Problem statement. Reproduce, exactly and in full, only the lines below from the one containing "Black Polyester Grommet Curtain Panels" through the one containing "Vacation-style Chiffon Color-block".

Input data.
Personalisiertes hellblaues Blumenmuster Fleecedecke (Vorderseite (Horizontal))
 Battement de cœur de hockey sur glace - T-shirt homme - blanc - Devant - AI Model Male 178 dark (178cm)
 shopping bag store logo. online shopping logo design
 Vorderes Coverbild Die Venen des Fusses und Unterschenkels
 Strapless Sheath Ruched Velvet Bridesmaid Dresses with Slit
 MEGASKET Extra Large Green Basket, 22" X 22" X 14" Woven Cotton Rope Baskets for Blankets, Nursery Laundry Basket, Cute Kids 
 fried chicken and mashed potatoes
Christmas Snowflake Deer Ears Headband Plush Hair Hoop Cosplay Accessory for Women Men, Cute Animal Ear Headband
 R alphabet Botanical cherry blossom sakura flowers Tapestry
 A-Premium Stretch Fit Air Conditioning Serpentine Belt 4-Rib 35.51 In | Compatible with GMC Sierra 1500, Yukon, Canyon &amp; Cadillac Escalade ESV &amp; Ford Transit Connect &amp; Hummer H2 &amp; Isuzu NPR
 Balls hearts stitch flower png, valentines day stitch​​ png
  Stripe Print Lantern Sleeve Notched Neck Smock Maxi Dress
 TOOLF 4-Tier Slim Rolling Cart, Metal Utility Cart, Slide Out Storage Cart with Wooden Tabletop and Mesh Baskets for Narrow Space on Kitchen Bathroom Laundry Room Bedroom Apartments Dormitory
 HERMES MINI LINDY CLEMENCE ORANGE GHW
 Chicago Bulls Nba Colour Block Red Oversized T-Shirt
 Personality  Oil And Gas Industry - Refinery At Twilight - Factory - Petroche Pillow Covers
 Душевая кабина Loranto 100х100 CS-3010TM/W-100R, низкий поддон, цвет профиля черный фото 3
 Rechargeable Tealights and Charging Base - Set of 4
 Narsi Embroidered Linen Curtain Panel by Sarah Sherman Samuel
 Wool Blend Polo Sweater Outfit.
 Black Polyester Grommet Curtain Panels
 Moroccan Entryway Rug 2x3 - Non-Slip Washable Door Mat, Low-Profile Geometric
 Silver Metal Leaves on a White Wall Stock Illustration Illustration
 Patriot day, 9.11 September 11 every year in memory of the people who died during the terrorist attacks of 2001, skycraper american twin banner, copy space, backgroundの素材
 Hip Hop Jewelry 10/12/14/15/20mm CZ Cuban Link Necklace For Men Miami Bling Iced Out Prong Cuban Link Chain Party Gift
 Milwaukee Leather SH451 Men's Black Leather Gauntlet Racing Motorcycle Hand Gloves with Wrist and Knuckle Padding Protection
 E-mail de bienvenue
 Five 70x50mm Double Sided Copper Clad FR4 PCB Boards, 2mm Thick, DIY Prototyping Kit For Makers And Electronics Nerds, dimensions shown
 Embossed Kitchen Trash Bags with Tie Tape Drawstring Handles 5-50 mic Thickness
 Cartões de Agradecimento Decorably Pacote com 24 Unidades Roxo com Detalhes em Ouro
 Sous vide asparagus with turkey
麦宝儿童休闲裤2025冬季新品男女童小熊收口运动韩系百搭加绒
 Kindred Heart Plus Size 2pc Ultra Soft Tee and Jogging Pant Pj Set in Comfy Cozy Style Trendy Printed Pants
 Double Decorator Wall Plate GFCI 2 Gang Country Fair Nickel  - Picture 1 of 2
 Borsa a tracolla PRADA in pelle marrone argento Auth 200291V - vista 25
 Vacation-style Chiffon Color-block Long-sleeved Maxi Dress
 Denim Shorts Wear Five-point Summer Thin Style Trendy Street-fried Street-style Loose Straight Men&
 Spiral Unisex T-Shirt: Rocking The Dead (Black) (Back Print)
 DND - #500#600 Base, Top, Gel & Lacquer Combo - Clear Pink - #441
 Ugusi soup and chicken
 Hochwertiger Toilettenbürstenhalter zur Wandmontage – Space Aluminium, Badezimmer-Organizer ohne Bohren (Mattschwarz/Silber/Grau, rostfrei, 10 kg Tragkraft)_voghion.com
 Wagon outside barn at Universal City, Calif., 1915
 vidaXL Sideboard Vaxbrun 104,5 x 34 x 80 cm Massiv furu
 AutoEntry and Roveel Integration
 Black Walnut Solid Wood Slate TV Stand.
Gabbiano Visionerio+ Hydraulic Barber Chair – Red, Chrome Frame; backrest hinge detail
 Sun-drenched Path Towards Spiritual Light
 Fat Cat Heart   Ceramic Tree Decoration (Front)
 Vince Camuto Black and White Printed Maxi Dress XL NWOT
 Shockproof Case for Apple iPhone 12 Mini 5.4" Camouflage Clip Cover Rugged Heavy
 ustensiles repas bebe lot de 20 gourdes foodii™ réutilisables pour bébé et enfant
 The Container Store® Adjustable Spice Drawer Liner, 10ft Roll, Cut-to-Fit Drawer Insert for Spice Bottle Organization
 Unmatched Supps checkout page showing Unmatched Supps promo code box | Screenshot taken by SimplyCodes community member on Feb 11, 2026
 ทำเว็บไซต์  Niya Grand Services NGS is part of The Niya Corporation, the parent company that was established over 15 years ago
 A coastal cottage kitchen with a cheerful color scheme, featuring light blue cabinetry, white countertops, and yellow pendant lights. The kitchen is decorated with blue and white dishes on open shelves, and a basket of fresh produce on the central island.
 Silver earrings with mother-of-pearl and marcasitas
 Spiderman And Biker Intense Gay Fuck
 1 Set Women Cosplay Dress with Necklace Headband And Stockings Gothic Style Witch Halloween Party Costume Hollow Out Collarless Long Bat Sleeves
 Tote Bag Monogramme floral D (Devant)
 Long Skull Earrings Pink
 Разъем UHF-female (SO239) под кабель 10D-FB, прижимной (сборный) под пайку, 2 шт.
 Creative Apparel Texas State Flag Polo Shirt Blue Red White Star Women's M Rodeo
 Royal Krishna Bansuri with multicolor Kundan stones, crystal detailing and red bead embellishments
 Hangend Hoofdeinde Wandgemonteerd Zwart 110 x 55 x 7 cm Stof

Response to the task.
 Black Polyester Grommet Curtain Panels
 Moroccan Entryway Rug 2x3 - Non-Slip Washable Door Mat, Low-Profile Geometric
 Silver Metal Leaves on a White Wall Stock Illustration Illustration
 Patriot day, 9.11 September 11 every year in memory of the people who died during the terrorist attacks of 2001, skycraper american twin banner, copy space, backgroundの素材
 Hip Hop Jewelry 10/12/14/15/20mm CZ Cuban Link Necklace For Men Miami Bling Iced Out Prong Cuban Link Chain Party Gift
 Milwaukee Leather SH451 Men's Black Leather Gauntlet Racing Motorcycle Hand Gloves with Wrist and Knuckle Padding Protection
 E-mail de bienvenue
 Five 70x50mm Double Sided Copper Clad FR4 PCB Boards, 2mm Thick, DIY Prototyping Kit For Makers And Electronics Nerds, dimensions shown
 Embossed Kitchen Trash Bags with Tie Tape Drawstring Handles 5-50 mic Thickness
 Cartões de Agradecimento Decorably Pacote com 24 Unidades Roxo com Detalhes em Ouro
 Sous vide asparagus with turkey
麦宝儿童休闲裤2025冬季新品男女童小熊收口运动韩系百搭加绒
 Kindred Heart Plus Size 2pc Ultra Soft Tee and Jogging Pant Pj Set in Comfy Cozy Style Trendy Printed Pants
 Double Decorator Wall Plate GFCI 2 Gang Country Fair Nickel  - Picture 1 of 2
 Borsa a tracolla PRADA in pelle marrone argento Auth 200291V - vista 25
 Vacation-style Chiffon Color-block Long-sleeved Maxi Dress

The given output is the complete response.